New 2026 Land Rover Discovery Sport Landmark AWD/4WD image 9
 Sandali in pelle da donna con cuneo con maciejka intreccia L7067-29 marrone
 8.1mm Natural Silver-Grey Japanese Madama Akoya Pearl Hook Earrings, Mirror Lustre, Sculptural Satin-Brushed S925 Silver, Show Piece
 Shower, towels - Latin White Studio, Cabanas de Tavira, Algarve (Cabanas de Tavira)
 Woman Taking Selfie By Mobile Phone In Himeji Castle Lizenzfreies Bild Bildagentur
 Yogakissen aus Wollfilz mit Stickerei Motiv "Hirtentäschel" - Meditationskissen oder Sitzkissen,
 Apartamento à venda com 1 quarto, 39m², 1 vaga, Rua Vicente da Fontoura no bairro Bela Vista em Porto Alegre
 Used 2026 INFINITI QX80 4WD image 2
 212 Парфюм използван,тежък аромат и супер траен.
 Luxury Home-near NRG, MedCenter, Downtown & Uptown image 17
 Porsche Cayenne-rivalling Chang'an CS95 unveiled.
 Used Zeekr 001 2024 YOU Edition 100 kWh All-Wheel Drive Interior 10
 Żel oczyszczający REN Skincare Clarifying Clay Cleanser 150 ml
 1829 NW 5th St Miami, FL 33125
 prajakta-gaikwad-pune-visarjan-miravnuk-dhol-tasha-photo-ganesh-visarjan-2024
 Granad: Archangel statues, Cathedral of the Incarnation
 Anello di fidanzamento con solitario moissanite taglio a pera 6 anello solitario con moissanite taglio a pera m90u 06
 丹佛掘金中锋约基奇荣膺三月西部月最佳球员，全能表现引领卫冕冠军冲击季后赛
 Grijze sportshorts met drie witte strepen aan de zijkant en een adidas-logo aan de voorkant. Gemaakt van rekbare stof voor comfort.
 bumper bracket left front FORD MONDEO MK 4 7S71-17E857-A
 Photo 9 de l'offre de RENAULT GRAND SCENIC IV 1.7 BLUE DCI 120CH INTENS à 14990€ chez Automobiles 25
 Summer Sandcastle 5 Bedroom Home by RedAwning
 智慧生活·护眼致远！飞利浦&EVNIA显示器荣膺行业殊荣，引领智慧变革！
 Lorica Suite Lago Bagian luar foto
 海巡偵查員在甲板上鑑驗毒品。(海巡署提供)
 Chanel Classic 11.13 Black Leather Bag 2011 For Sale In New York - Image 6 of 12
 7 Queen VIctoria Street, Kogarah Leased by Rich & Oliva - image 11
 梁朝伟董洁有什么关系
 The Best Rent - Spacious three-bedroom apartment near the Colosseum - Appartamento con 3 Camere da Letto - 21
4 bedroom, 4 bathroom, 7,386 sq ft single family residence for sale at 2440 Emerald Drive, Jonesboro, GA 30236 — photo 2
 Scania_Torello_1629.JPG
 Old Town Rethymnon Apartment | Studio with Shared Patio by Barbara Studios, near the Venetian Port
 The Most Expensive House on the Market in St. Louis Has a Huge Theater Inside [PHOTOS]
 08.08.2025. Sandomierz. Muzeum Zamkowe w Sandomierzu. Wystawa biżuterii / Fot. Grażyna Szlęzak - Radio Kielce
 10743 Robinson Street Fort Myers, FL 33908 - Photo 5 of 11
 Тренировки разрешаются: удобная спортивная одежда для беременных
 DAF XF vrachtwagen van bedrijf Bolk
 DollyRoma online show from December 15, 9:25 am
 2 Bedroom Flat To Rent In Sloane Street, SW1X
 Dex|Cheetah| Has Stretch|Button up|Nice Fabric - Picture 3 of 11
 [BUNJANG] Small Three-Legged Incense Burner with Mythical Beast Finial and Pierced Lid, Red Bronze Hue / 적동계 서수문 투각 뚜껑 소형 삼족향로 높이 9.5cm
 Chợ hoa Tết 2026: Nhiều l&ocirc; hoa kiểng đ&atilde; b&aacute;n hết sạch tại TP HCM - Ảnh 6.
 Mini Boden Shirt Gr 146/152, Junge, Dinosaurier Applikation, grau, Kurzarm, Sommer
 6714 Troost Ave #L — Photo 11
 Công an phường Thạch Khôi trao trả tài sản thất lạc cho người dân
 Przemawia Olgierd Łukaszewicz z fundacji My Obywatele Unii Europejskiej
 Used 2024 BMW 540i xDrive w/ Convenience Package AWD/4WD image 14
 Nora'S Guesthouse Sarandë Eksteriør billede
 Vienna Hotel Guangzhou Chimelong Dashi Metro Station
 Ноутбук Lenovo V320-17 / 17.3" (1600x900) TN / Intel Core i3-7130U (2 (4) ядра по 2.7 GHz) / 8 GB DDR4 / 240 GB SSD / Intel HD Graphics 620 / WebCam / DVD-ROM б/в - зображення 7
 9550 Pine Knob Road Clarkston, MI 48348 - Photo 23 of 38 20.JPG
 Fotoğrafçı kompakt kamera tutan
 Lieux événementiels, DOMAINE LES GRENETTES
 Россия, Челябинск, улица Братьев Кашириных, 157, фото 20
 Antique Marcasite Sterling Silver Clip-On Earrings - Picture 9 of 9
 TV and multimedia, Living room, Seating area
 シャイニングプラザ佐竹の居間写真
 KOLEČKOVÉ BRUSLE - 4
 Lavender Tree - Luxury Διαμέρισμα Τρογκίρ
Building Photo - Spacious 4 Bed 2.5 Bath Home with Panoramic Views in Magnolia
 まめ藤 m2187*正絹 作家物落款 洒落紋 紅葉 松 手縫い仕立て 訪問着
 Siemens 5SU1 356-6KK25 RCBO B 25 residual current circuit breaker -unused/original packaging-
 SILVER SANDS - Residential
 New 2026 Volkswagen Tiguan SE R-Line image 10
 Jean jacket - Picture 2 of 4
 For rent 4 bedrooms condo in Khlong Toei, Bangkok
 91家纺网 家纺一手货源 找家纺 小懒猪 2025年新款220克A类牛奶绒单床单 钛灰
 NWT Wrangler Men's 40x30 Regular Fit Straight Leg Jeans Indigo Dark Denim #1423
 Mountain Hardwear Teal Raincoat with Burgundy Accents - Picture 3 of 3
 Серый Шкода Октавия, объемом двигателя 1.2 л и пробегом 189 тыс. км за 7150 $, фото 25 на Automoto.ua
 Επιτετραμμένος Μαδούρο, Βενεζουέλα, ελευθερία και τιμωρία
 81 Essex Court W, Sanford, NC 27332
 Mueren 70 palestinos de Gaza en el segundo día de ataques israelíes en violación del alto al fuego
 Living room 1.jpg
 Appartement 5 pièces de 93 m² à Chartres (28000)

§ What this task involves
Restate word for word only the lines above from the line containing "Lorica Suite Lago Bagian luar foto" to the line containing "シャイニングプラザ佐竹の居間写真", both of them included.

§ Problem solution
 Lorica Suite Lago Bagian luar foto
 海巡偵查員在甲板上鑑驗毒品。(海巡署提供)
 Chanel Classic 11.13 Black Leather Bag 2011 For Sale In New York - Image 6 of 12
 7 Queen VIctoria Street, Kogarah Leased by Rich & Oliva - image 11
 梁朝伟董洁有什么关系
 The Best Rent - Spacious three-bedroom apartment near the Colosseum - Appartamento con 3 Camere da Letto - 21
4 bedroom, 4 bathroom, 7,386 sq ft single family residence for sale at 2440 Emerald Drive, Jonesboro, GA 30236 — photo 2
 Scania_Torello_1629.JPG
 Old Town Rethymnon Apartment | Studio with Shared Patio by Barbara Studios, near the Venetian Port
 The Most Expensive House on the Market in St. Louis Has a Huge Theater Inside [PHOTOS]
 08.08.2025. Sandomierz. Muzeum Zamkowe w Sandomierzu. Wystawa biżuterii / Fot. Grażyna Szlęzak - Radio Kielce
 10743 Robinson Street Fort Myers, FL 33908 - Photo 5 of 11
 Тренировки разрешаются: удобная спортивная одежда для беременных
 DAF XF vrachtwagen van bedrijf Bolk
 DollyRoma online show from December 15, 9:25 am
 2 Bedroom Flat To Rent In Sloane Street, SW1X
 Dex|Cheetah| Has Stretch|Button up|Nice Fabric - Picture 3 of 11
 [BUNJANG] Small Three-Legged Incense Burner with Mythical Beast Finial and Pierced Lid, Red Bronze Hue / 적동계 서수문 투각 뚜껑 소형 삼족향로 높이 9.5cm
 Chợ hoa Tết 2026: Nhiều l&ocirc; hoa kiểng đ&atilde; b&aacute;n hết sạch tại TP HCM - Ảnh 6.
 Mini Boden Shirt Gr 146/152, Junge, Dinosaurier Applikation, grau, Kurzarm, Sommer
 6714 Troost Ave #L — Photo 11
 Công an phường Thạch Khôi trao trả tài sản thất lạc cho người dân
 Przemawia Olgierd Łukaszewicz z fundacji My Obywatele Unii Europejskiej
 Used 2024 BMW 540i xDrive w/ Convenience Package AWD/4WD image 14
 Nora'S Guesthouse Sarandë Eksteriør billede
 Vienna Hotel Guangzhou Chimelong Dashi Metro Station
 Ноутбук Lenovo V320-17 / 17.3" (1600x900) TN / Intel Core i3-7130U (2 (4) ядра по 2.7 GHz) / 8 GB DDR4 / 240 GB SSD / Intel HD Graphics 620 / WebCam / DVD-ROM б/в - зображення 7
 9550 Pine Knob Road Clarkston, MI 48348 - Photo 23 of 38 20.JPG
 Fotoğrafçı kompakt kamera tutan
 Lieux événementiels, DOMAINE LES GRENETTES
 Россия, Челябинск, улица Братьев Кашириных, 157, фото 20
 Antique Marcasite Sterling Silver Clip-On Earrings - Picture 9 of 9
 TV and multimedia, Living room, Seating area
 シャイニングプラザ佐竹の居間写真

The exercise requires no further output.